Serve your black bean and sweet potato tacos hot with a drizzle of lime crema.

Wrap-Up

These black bean and sweet potato tacos bring together smoky, sweet, creamy, and crunchy in every bite, and they do it with simple ingredients you probably already have. The roasted sweet potatoes and spiced beans feel cozy enough for a chilly night, yet light enough that you’ll still want dessert. Next time Taco Tuesday rolls around, skip the drive-thru and give these black bean and sweet potato tacos a spot on your Dinner menu—you might find they become the new house favorite.

FAQ’s

Do I need to peel the sweet potatoes for black bean and sweet potato tacos?
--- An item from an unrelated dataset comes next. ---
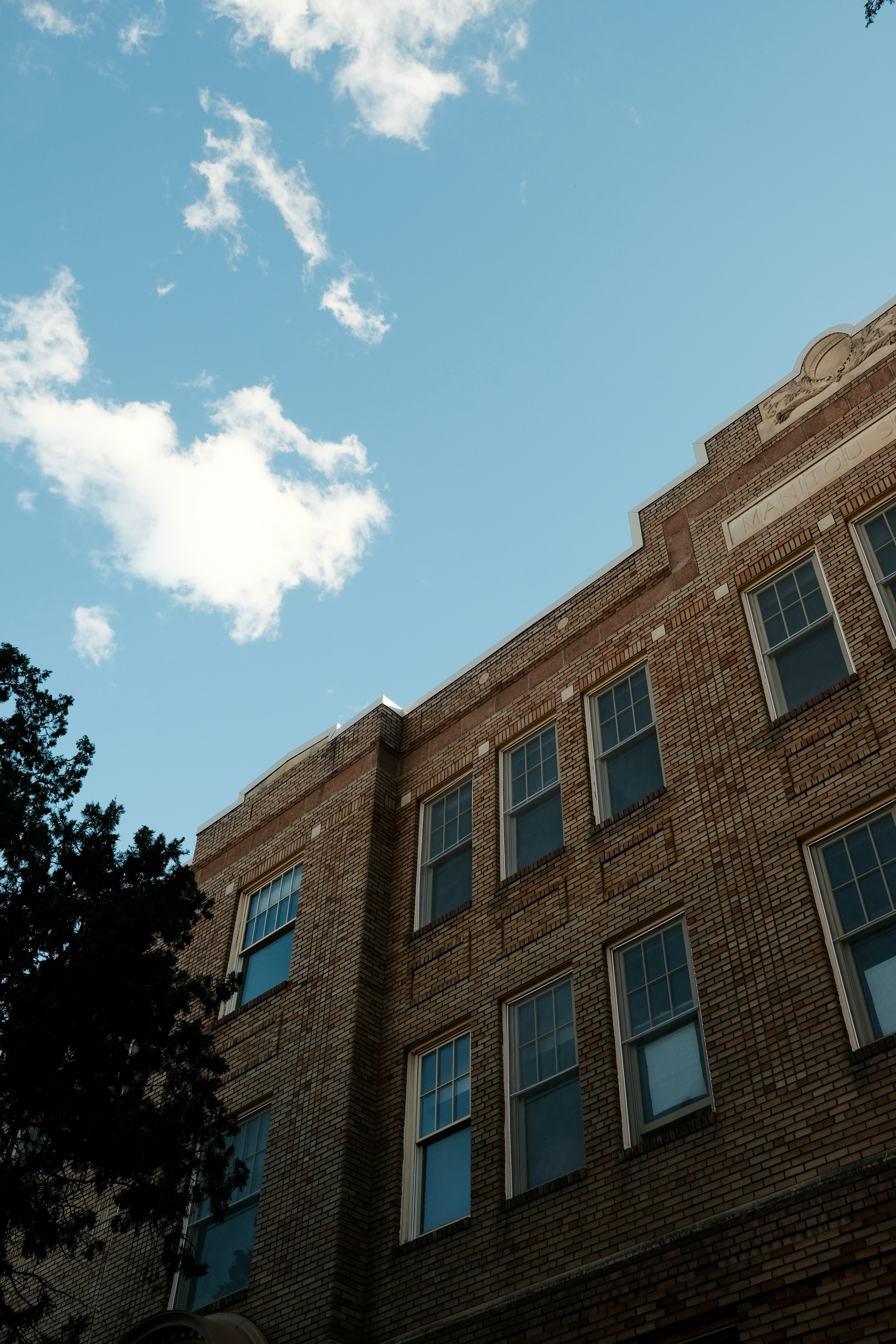 Large windows on a brick commercial building
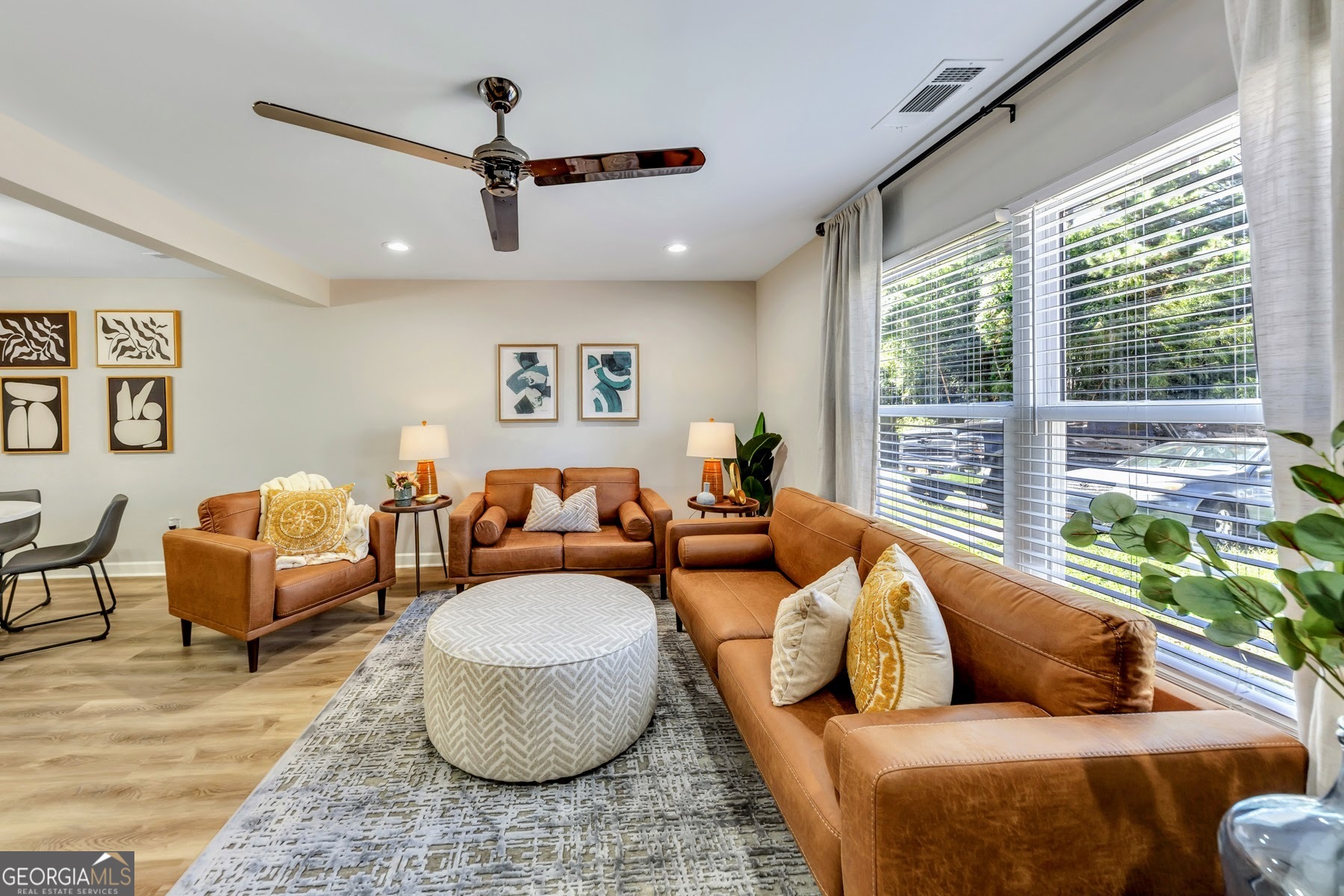 1018 Falling Valley Court Southeast Smyrna, GA 30080 - Photo 2 of 25 a living room with furniture and a large window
Nope, you don’t have to peel them if you don’t want to. The skin adds texture, fiber, and extra nutrients. Just scrub the potatoes well, trim any rough spots, and cube them. If you prefer a smoother bite, you can peel them before roasting.

Can I make these black bean and sweet potato tacos vegan or dairy-free?

Yes. Use plant-based yogurt for the crema and skip the feta or swap in dairy-free cheese. The base of roasted sweet potatoes and spiced black beans stays naturally vegan, so small topping tweaks keep the whole plate dairy-free.

Can I freeze the sweet potato and black bean taco filling?

You can. Freeze the roasted sweet potatoes and the beans in separate containers for up to a few months. Thaw overnight, then reheat the potatoes in a hot oven or skillet and warm the beans on the stove. Build fresh black bean and sweet potato tacos with reheated filling and fresh toppings.

How long do black bean and sweet potato taco leftovers last in the fridge?

The roasted sweet potatoes and beans keep well in airtight containers for about 3–4 days. Store the toppings separately and assemble tacos right before you eat. Toss anything that smells off or looks slimy; leftovers should still smell fresh and appetizing.